__THE TASK__
In the entries below, find the line with "pretty patient looking" and the line with "Kingston Brass Heritage"; copy them and every line between them exactly, but not the pictures.

__EXTRACTED DATA__
• • •
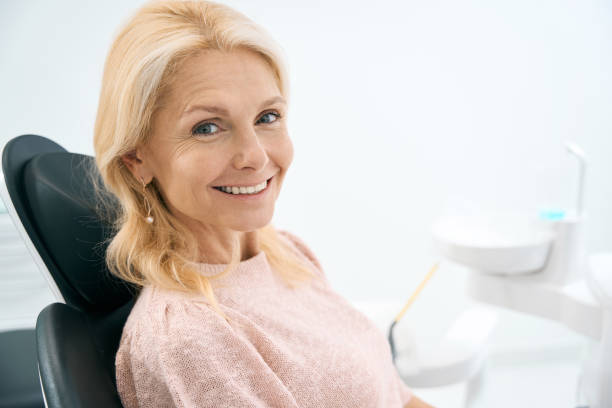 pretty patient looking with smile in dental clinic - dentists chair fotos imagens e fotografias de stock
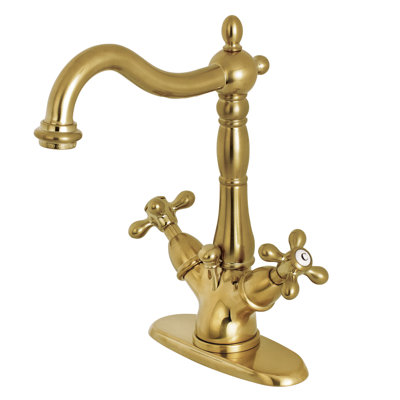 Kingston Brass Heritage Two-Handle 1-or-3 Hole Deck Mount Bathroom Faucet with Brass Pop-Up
• • •
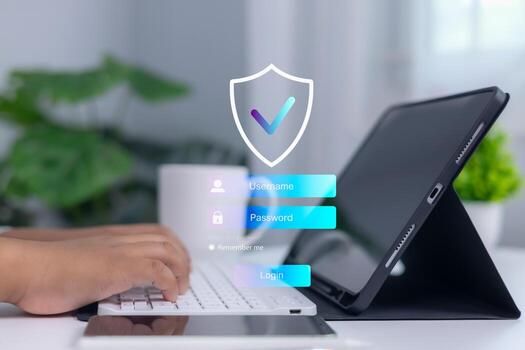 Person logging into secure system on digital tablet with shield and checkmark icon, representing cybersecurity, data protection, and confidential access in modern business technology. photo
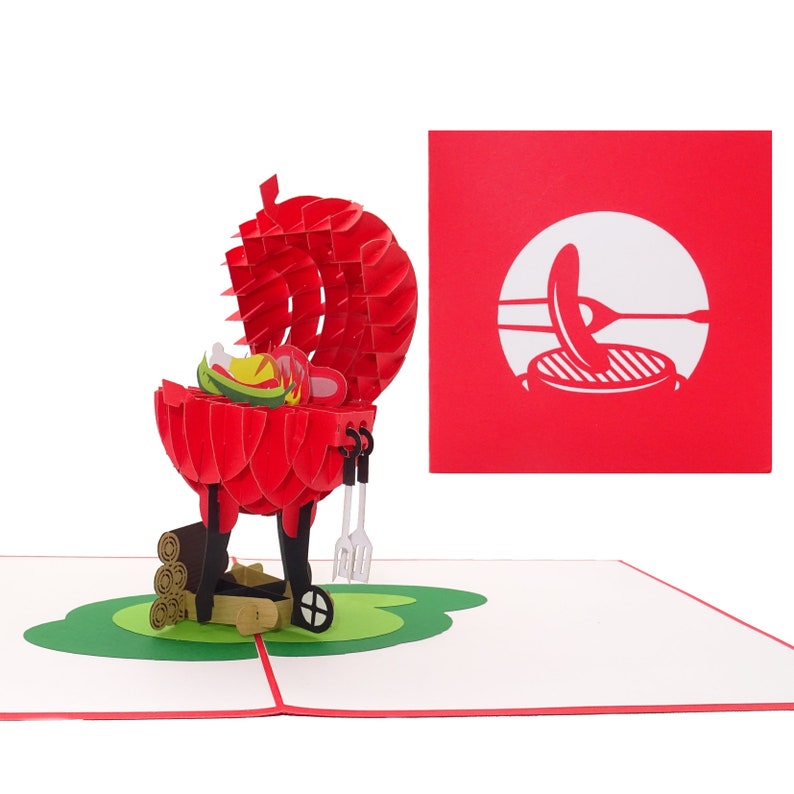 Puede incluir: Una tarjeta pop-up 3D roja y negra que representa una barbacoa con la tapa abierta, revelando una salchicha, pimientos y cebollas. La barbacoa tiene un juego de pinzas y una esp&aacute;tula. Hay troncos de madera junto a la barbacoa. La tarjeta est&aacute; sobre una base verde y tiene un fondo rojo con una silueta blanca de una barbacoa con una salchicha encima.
• • •
__OUTPUT FOR THIS TASK__
 pretty patient looking with smile in dental clinic - dentists chair fotos imagens e fotografias de stock
 Kingston Brass Heritage Two-Handle 1-or-3 Hole Deck Mount Bathroom Faucet with Brass Pop-Up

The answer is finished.